A RACE FOR LIFE

By Robert J. C. Stead

Yes, stranger, I hev trailed the West

Since I wuz a kid on a bob-tailed nag,

I hev known the old land at its best,

An’ packed most ev'ry kind of jag;

I hev rode fer life frum a prairie fire,

An’ tramped fer life through a snow blockade;

I hev crumpled “bad men” by the quire,

But only once hev I been afraid.

I hev lain alone while the red-men crep’

Aroun’ me in their fightin’ - paint;

I have soothed the widow while she wep’

Because I'd made her man a saint;

I hev lassooed lobsters frum the East,

Till ev'ry j'int in their system shook,

An’ I'd never run frum man or beast

Until I run frum a chinook.

The chinook had his lair in Crow's Nest Pass,

An’ he foraged aroun’ the Porcupine Hills,

But he'd loafed so long that the ranchin’ grass

Had a wool-white cover frum the chills;

An’ me, like a chap that wuz not afraid

Of anything with hide an’ hair,

Went out in a sleigh to the hills an’ stayed

Till the old chinook might find me there.

At last, when I thought I had tempted fate

Enough fer a man with a past like mine,

I hitched the bronks an’ struck a gait

Along the slopes of the Porcupine;

An’ the day wuz as cold as the Polar Sea,

With a nip as keen as a she-wolf fang;

But frost wuz just like food to me,

An’ boldly over the fields I sang:

“I am the man frum the Hole in the Hills,

Where the Great G. Whiliken capers‘ round;

I am the gent that pays the bills

When they plant a greenhorn in the ground;

I am the Finish of folks that think

They can run a bluff on the prairie-bred,

Fer I give their vitals a fatal kink

When I open up with a shower of lead.”

An’ the cold bit into my nose an’ chin,

An’ drilled itself to the marrow-bone;

My face wuz drawn in a frozen grin,

An’ my fingers rattled like lumps of stone;

But my heart wuz as brave as an outlaw stag,

An’ I laughed though the frost cut like a knife;

Till sudden I felt the hind bob drag,

An’ I knew I wuz in fer a race fer life.

Out from his lair the sly chinook

Had hunted me with his fatal breath;

I dared not turn aroun’ to look,

Fer to strand on the hillside there wuz death;

The hot wind sizzled along my back,

An’ the sweat stood out on my shoulder-blade,

So I yelled at the team through the frozen crack

The roll of the tongue in my mouth had made —

“Get out o’ here; by the Polar Star,

The fiend of the South is on your heels!”

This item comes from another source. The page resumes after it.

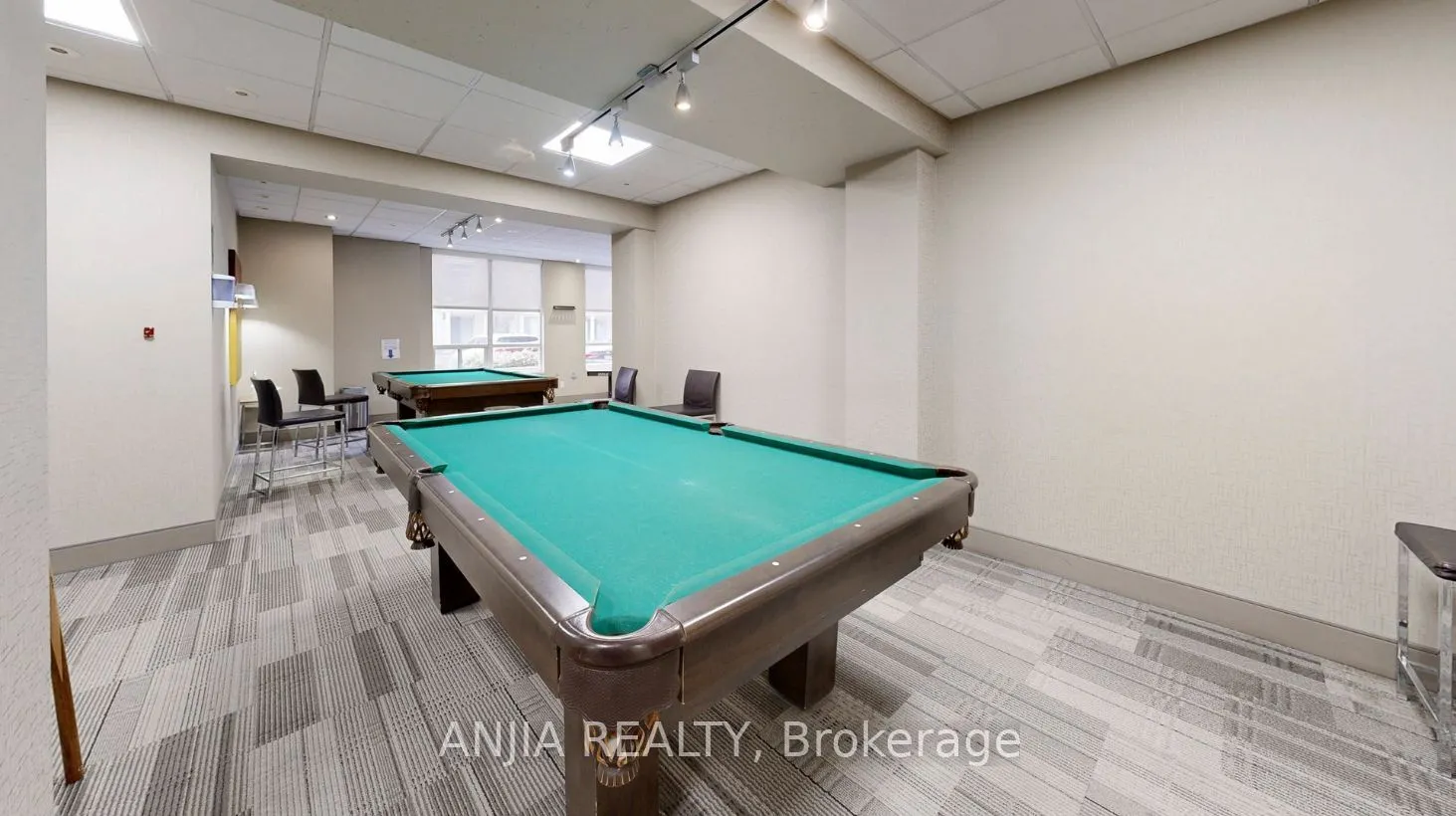 25 Galleria Parkway #23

An’ I felt the old sleigh cringe an’ jar,

An’ fer once I prayed — fer a pair o’ wheels;

But the sleigh stood still as the hind bob stuck

In mud that rolled to the bolster-rail;

So I slipped the tongue an’ cursed my luck

As I straddled a bronk an’ hit the trail.

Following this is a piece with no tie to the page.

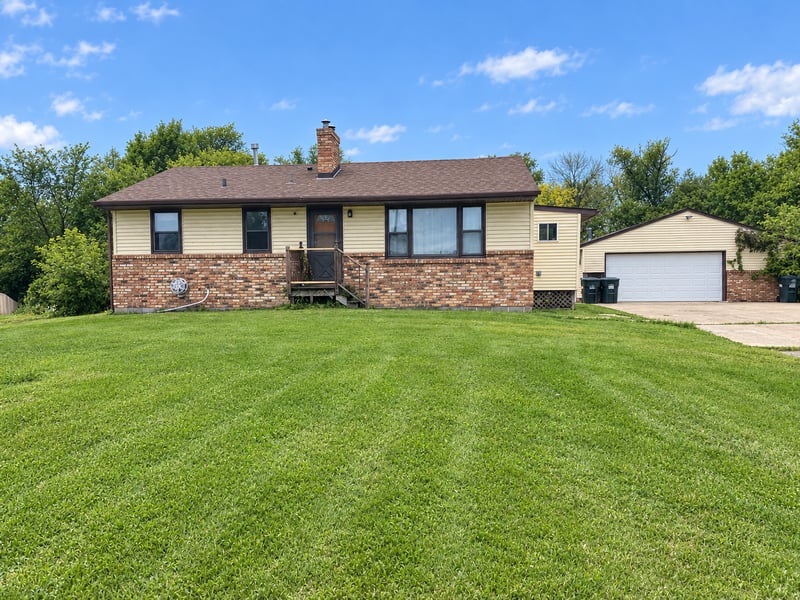 50800 Evergreen Ave, Rush City, MN 55069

Well, we beat it out by half a neck,

But the broncho's tail was scorched a sight,

An’ I wuz a blistered, parboiled wreck,

An’ nearly dead o’ heat an’ fright;

An’ I squatted down in a shady spot

An’ fanned myself with a wisp o’ hay,

An’ the boys on the lower ranches thought

They heard a voice in the chinook say:

“I am the dope that was made to feed,

To fresh down-Easters just come out;

They'll swallow it all in their greenhorn greed,

An’ send it home, beyond a doubt;

I am the caricature an’ bluff

That is part of the play of the Western men” —

What's that? You say you've had enough?

Well, pass it on to your neighbor, then.